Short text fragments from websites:

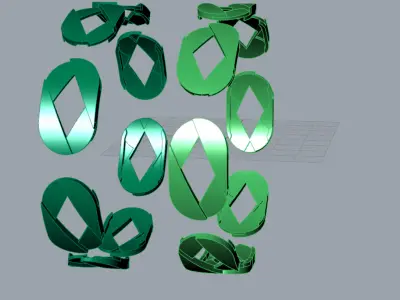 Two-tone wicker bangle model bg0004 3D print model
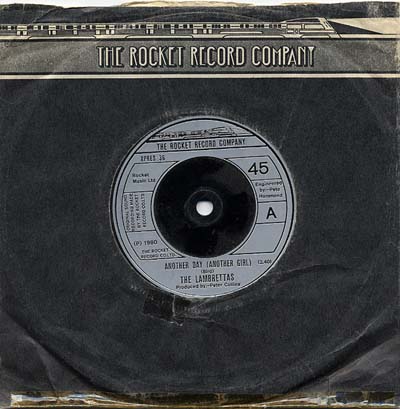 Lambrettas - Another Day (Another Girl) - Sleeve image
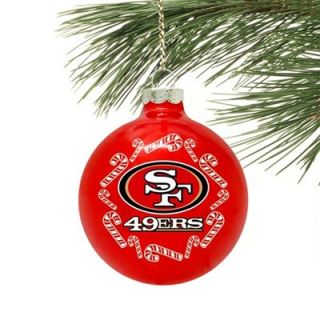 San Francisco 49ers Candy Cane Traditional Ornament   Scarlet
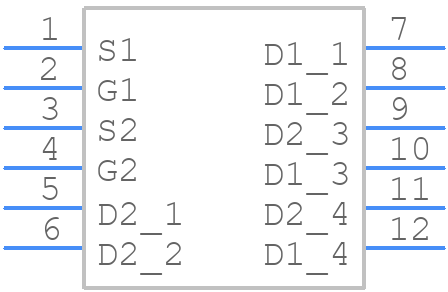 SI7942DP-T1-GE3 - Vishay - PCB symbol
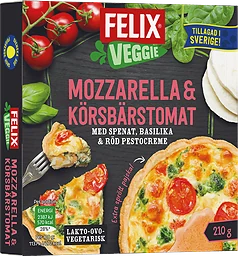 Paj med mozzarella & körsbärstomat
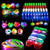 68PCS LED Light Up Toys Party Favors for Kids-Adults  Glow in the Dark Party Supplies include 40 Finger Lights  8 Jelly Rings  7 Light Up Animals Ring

### Work request
Any pictures should be dropped; transcribe the rest of the records above exactly.

### Exercise result
 Two-tone wicker bangle model bg0004 3D print model
 Lambrettas - Another Day (Another Girl) - Sleeve image
 San Francisco 49ers Candy Cane Traditional Ornament   Scarlet
 SI7942DP-T1-GE3 - Vishay - PCB symbol
 Paj med mozzarella & körsbärstomat
 68PCS LED Light Up Toys Party Favors for Kids-Adults  Glow in the Dark Party Supplies include 40 Finger Lights  8 Jelly Rings  7 Light Up Animals Ring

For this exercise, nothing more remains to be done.